Hitchens is aware that the key people pushing for pragmatic drugs policies have not been long-haired hippies and rock stars, but rather chief constables, Cabinet ministers, MPs, judges, members of the Monday Club, and indeed other right-wing journalists.  It seems that his only answer to this arresting observation is his familiar, and largely circular, argument that the entirety of British public life has been taken over by leftist cultural revolutionaries, leaving only him, Hitchens, as a solitary voice of authentic conservatism.  He doesn't seem to consider the alternative possibility, which is that the likes of Lord Hailsham, Lord Stevens and David Blunkett weren't actually limp-wristed liberals, but rather that they and everybody else have realised something that Hitchens hasn't.

The thing which everyone else has realised is that the war on drugs is unwinnable.  This is not a moral, or indeed an immoral, judgement - it is a practical one.  Sumptuary laws in general are notoriously difficult to enforce.  Harsh penalties alone will not work: few people would regard American penal policy as a soft touch, but the US still has a strikingly bad drugs problem.  There is also the American experience with alcohol prohibition, which Hitchens is perhaps a little too eager to dismiss as having no implications for the drugs debate.
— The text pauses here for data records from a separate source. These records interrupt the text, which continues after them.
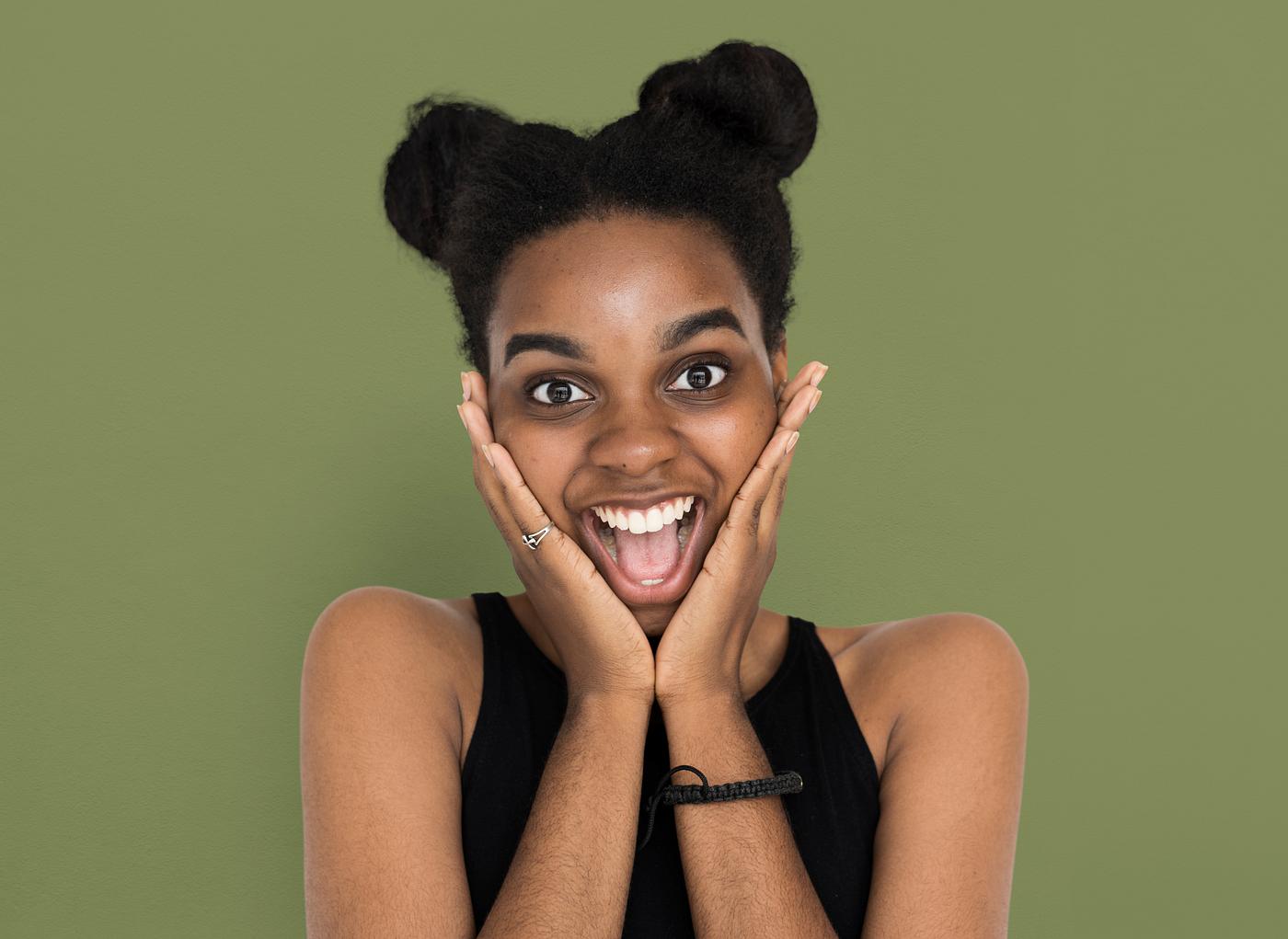 studio, pastel, model, person, people, race, style, solo, woman, lifestyle, casual, beige, feminism, isolated, tone, african... studio, pastel, model, person, people, race, style, solo, woman, lifestyle, casual, beige, feminism, isolated, tone, african...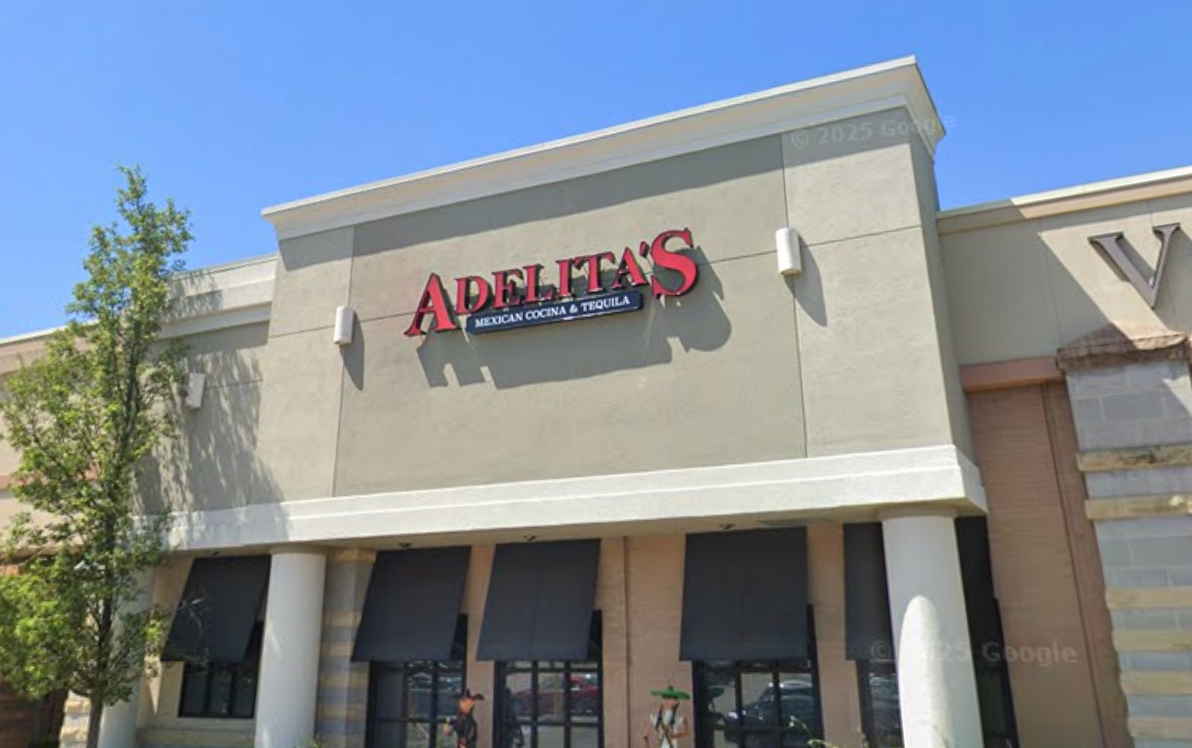 Bartender arrested over teen&rsquo;s death from alcohol consumption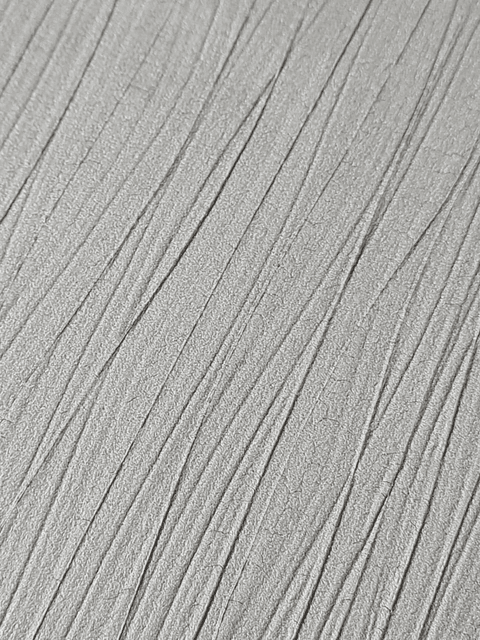 Papel mural / 17337 (Texture stories)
More broadly, Hitchens' confidence that Government policy can be used to remake society is surprising in a professed conservative.  He points to the success of anti-smoking laws, but he omits to mention that these laws have developed out of a widespread existing cultural consensus against smoking tobacco in enclosed areas - his proposals are much more radical, and have no such broad consensus behind them.  And what does he imagine that the practical costs of a draconian drugs policy would be?  What part of the police budget would he like to see cut in order to allow officers to go round arresting art students in Camden who are enjoying a joint at a party?  How many tens of thousands of extra prison places does he think would be needed to enforce prohibition?  How would he stop the spread of corruption as criminal gangs used their deep pockets to buy police protection?  Given the demographics of drug usage, how would he stop prohibition being perceived as a racist assault by the authorities on deprived minority communities?

This is an interesting and opinionated book which collects together some useful and informative data.  I doubt, however, that it will convince many readers.